Work order: Beneath this task are records; print exactly the stretch of them from the line with "Used 2013 Toyota Prius image 1" through the line with "Handmade Black Rose", both ends included.

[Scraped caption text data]
Content starts
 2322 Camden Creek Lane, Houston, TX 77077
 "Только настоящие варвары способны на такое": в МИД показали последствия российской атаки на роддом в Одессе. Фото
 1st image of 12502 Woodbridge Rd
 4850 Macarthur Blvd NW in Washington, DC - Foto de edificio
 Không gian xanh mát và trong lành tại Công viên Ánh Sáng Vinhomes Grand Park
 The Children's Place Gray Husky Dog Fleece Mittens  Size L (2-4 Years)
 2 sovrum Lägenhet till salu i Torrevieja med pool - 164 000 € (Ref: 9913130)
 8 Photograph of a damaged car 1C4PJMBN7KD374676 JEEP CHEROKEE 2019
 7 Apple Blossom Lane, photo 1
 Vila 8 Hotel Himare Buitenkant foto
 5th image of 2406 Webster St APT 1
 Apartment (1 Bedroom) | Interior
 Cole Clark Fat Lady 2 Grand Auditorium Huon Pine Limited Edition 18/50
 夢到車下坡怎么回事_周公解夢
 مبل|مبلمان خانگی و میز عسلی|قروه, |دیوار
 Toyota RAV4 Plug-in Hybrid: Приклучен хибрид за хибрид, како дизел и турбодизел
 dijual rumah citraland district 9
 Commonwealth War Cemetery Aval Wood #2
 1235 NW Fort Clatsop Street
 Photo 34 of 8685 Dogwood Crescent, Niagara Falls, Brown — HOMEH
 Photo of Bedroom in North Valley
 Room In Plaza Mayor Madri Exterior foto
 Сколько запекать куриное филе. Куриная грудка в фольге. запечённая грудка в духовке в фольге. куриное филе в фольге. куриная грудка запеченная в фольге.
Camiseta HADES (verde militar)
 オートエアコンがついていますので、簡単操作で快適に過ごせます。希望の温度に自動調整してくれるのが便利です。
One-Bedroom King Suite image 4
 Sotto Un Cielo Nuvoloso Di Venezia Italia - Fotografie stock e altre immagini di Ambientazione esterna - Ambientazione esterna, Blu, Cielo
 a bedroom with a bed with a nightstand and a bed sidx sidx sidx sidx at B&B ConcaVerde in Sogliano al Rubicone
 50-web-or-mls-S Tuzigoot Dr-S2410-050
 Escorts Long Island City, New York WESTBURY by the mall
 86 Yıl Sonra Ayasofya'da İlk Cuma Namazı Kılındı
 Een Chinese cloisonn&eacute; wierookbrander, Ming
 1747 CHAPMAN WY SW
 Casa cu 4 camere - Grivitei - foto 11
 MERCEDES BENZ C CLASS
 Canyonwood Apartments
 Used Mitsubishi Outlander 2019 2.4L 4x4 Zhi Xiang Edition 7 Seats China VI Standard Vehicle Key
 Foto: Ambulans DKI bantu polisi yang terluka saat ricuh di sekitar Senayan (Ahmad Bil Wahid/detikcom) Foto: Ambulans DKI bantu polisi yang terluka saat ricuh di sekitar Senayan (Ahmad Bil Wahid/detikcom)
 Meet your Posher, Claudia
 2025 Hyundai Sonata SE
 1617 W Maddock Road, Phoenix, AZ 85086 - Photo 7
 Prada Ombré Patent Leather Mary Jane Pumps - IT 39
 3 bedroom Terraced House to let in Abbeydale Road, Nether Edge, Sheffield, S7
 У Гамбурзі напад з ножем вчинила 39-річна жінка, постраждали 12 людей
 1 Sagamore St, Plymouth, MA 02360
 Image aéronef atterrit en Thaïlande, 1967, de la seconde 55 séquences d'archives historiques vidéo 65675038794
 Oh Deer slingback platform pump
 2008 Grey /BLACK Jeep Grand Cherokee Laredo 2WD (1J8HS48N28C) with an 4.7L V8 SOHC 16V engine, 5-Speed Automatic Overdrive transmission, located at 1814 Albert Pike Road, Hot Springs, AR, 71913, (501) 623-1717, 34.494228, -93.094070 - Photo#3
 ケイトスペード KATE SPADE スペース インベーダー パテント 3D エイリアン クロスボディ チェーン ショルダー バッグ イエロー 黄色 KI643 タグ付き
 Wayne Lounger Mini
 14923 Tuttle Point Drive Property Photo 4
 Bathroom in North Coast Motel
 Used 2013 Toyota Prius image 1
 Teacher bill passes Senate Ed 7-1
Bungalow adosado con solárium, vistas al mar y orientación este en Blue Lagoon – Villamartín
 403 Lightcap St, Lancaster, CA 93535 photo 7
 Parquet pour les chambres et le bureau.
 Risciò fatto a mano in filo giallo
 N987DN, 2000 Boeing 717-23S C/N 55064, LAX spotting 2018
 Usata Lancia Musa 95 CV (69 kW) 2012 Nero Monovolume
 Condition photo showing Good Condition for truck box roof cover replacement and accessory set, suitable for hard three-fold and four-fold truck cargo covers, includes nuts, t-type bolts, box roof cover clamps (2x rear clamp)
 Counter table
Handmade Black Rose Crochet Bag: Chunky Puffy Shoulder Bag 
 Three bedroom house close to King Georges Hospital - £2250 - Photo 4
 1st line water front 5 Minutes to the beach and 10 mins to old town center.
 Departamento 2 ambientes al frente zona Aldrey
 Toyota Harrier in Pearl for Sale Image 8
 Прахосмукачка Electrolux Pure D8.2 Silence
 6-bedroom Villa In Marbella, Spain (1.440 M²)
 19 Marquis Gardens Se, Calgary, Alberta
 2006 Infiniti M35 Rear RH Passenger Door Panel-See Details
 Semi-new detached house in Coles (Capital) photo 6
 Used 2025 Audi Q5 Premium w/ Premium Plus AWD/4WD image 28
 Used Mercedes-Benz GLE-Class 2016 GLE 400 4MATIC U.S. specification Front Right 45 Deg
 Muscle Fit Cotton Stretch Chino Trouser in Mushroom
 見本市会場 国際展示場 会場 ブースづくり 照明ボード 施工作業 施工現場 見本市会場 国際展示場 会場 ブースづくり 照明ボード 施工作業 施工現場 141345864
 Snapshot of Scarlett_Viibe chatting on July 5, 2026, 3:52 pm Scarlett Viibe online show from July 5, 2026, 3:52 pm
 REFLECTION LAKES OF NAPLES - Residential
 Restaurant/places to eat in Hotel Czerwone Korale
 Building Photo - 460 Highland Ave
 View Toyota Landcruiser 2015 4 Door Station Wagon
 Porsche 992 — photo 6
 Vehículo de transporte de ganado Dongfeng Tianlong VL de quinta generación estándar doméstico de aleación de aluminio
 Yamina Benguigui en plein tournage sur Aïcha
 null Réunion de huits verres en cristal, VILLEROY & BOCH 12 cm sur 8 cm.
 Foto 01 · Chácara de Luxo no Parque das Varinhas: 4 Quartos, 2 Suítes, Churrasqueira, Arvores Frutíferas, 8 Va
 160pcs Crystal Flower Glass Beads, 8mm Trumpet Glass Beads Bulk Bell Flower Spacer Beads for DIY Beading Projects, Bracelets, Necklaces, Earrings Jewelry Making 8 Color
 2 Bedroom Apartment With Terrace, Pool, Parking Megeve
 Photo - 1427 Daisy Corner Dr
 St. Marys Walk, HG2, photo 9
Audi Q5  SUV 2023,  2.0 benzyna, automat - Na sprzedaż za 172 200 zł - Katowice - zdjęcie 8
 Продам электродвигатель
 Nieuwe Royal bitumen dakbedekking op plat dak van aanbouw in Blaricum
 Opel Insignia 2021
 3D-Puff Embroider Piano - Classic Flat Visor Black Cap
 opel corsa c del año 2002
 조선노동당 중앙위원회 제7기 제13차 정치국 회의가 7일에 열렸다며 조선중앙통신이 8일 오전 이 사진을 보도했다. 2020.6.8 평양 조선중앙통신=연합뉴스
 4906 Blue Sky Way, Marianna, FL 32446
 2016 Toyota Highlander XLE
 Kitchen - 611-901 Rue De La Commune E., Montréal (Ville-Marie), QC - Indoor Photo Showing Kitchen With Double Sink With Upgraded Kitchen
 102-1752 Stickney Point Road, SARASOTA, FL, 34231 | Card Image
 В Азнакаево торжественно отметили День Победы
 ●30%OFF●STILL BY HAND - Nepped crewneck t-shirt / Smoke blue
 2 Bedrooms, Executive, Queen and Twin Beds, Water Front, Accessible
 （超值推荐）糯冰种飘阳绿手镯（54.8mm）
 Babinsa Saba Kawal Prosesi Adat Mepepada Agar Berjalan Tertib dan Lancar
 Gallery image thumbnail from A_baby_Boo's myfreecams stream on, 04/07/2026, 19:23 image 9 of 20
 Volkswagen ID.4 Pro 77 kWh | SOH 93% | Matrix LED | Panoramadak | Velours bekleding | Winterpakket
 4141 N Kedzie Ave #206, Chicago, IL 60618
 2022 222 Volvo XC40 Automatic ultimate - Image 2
Content ends
Written answer:
 Used 2013 Toyota Prius image 1
 Teacher bill passes Senate Ed 7-1
Bungalow adosado con solárium, vistas al mar y orientación este en Blue Lagoon – Villamartín
 403 Lightcap St, Lancaster, CA 93535 photo 7
 Parquet pour les chambres et le bureau.
 Risciò fatto a mano in filo giallo
 N987DN, 2000 Boeing 717-23S C/N 55064, LAX spotting 2018
 Usata Lancia Musa 95 CV (69 kW) 2012 Nero Monovolume
 Condition photo showing Good Condition for truck box roof cover replacement and accessory set, suitable for hard three-fold and four-fold truck cargo covers, includes nuts, t-type bolts, box roof cover clamps (2x rear clamp)
 Counter table
Handmade Black Rose Crochet Bag: Chunky Puffy Shoulder Bag 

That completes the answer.